This was the focus of New York Times bestselling author Brené Brown’s keynote on Monday at Workday Rising 2025, the technology company’s annual user conference. Brown explained that we can choose to be on “team technology” or “team human,” but “the future will belong to those of us who can straddle the paradox of humanity and technology.” Both are needed, she affirmed.

Over the past two years, leaders have navigated unprecedented uncertainty and complexity, managing this challenge at every turn, Brown said. The future of AI is a paradox itself, balancing innovation and regulation, speed and human involvement, even physics and philosophy, she said. 

Our minds want to resolve such issues quickly, so we tap out before solving the problem, Brown explained. “If you can hold onto the conflict long enough, something innovative and new will emerge,” she said.

In the age of AI, essential leadership skills aren’t about choosing between AI and humans, but rather figuring out how to unite the two to drive growth.
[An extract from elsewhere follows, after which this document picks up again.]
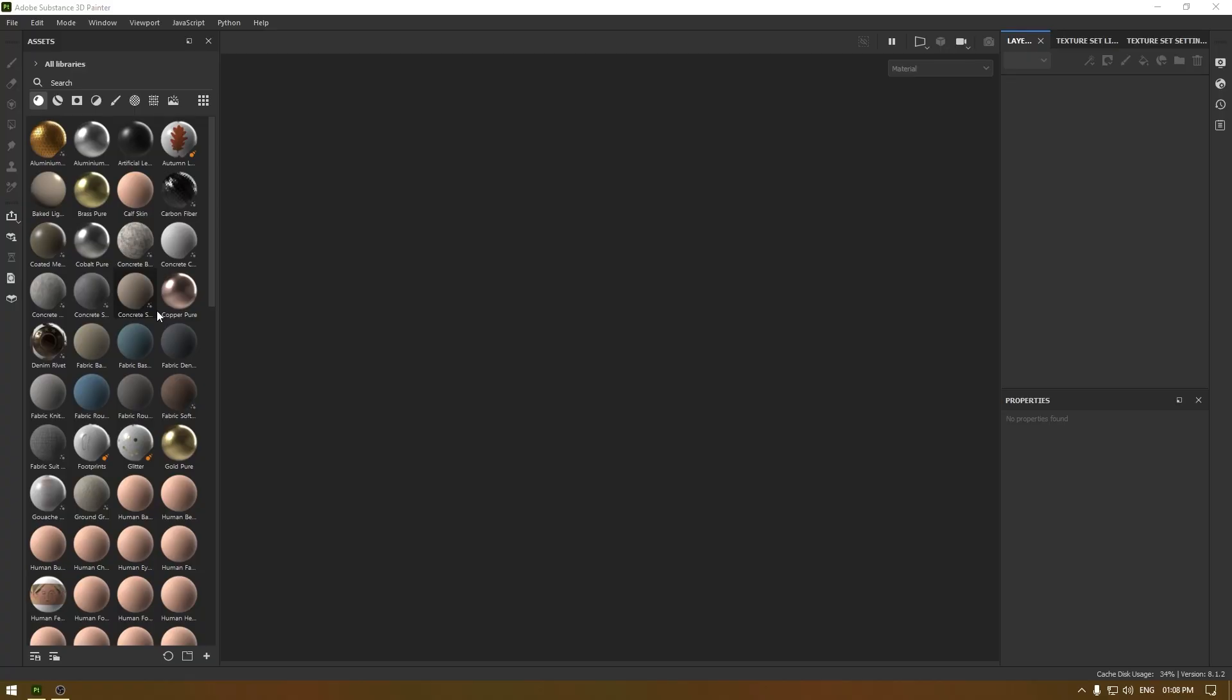Hey guys, welcome back to the channel and I'm back with another video. In this one, I'm going to share some Substance Painter resources with you and all these resources are going to be free to use. If you're using Substance Painter, then open it and here you'll see this icon which says Substance 3D Community Assets. Click here and it's going to open a page in your browser.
Organizations that pick sides, Brown emphasized, won’t succeed. “Paradoxical thinking is huge,” she said.

Roughly 78% of enterprise companies are currently deploying AI, with some using it in production and others in trials or experimentation, according to McKinsey. During Workday CEO Carl Eschenbach’s opening address at the conference, he said 75% of Workday customers are using Workday AI capabilities. The company will continue to deliver innovation aligned with its values “in a responsible, ethical, safe, and thoughtful way, with human centricity at the center,” he said.
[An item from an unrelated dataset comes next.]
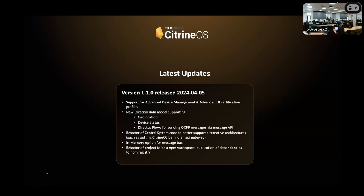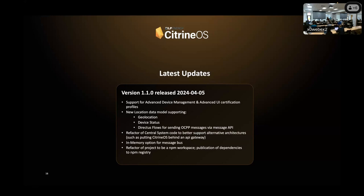So our most recent release took place on April 5th. That was the 1.1.0 release. We have had a small hotfix since then, but it's, you're welcome to read the release notes, but it's really not that fascinating. The 1.1 release was a big one, though. In this, we added support for advanced device management and advanced UI certification profiles, which are both required for 2.0.1 compliance. We created a new location data model that supports geolocation and device status. And that third bullet point, the Directus flows, are kind of what we just went over in the previous slide. We refactored the central system to support alternative architectures. So that was what I was talking about, abstracting out the WebSocket module so that it's easier to fit in Citrine without needing to sort of throw the baby out with the bathwater. And additionally, we also added an in-memory option for the message bus, and we refactored the project to be an NPM workspace and published the dependencies to the Node Package Manager registry.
Brown, a research professor at the University of Houston, was named executive chair of the Center for Daring Leadership at BetterUp in 2024. She currently works with organizations and CEOs globally to promote “courageous leadership.” Her new book is “Strong Ground: The Lessons of Daring Leadership, the Tenacity of Paradox, and the Wisdom of the Human Spirit.” Brown’s 2010 TED Talk, “The Power of Vulnerability,” remains one of the most-viewed ever.

She told the audience that leading organizations into the future requires building new strengths, including paradoxical thinking, situational awareness, anticipatory thinking, transparency, and mission-critical communication. “Say what you mean, mean what you say,” she advised.

Accountability, which requires courage and vulnerability, is also critical for leadership, Brown said. She explained that vulnerability includes uncertainty, risk, and emotional exposure.

“This is the hard part—like probably everyone here, I was raised to believe that vulnerability is weakness,” she said. “There is no courage without vulnerability.”